> Provided material

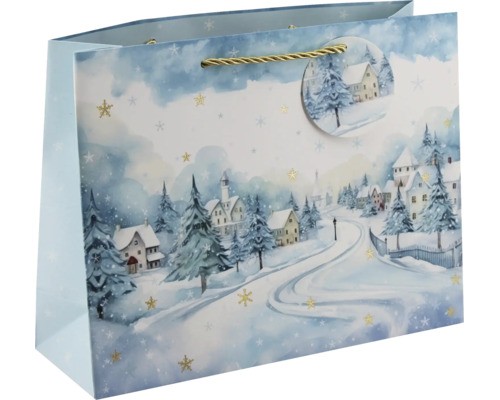 Geschenktüte mit winterlichem Dorfmotiv, schneebedeckten Tannen, Häusern, Kordeltragegriff und Anhänger.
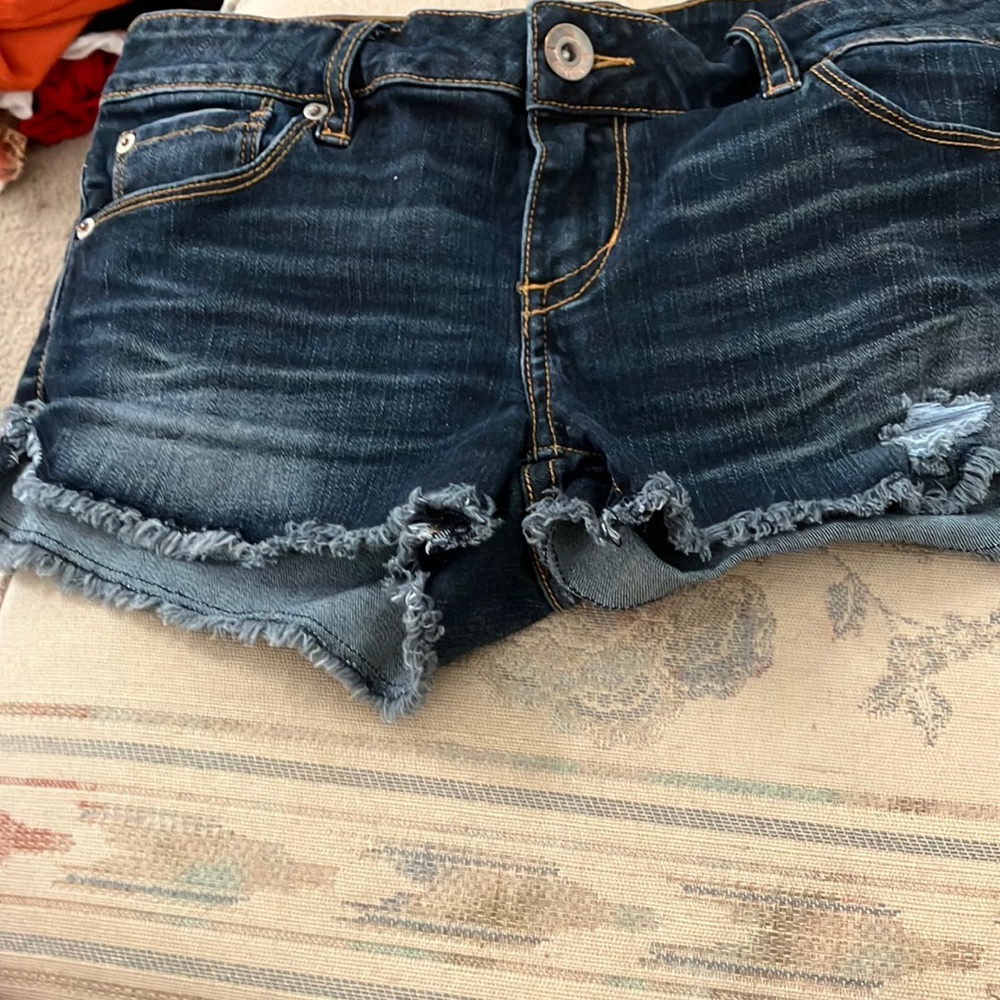 FINAL MARKDOWN Fifteen distressed shorts 28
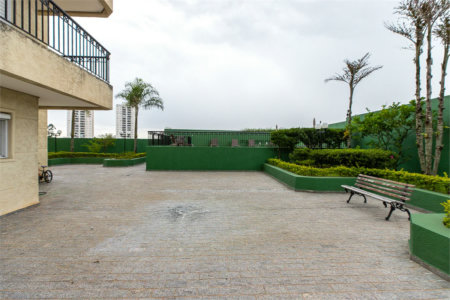 Apartamento à venda com 4 quartos, sendo 1 suíte, em Jardim Monte Kemel, São Paulo, SP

> Problem description
Every line above must appear in the answer unchanged, and no picture may appear in it.

> Answer to the problem
 Geschenktüte mit winterlichem Dorfmotiv, schneebedeckten Tannen, Häusern, Kordeltragegriff und Anhänger.
 FINAL MARKDOWN Fifteen distressed shorts 28
 Apartamento à venda com 4 quartos, sendo 1 suíte, em Jardim Monte Kemel, São Paulo, SP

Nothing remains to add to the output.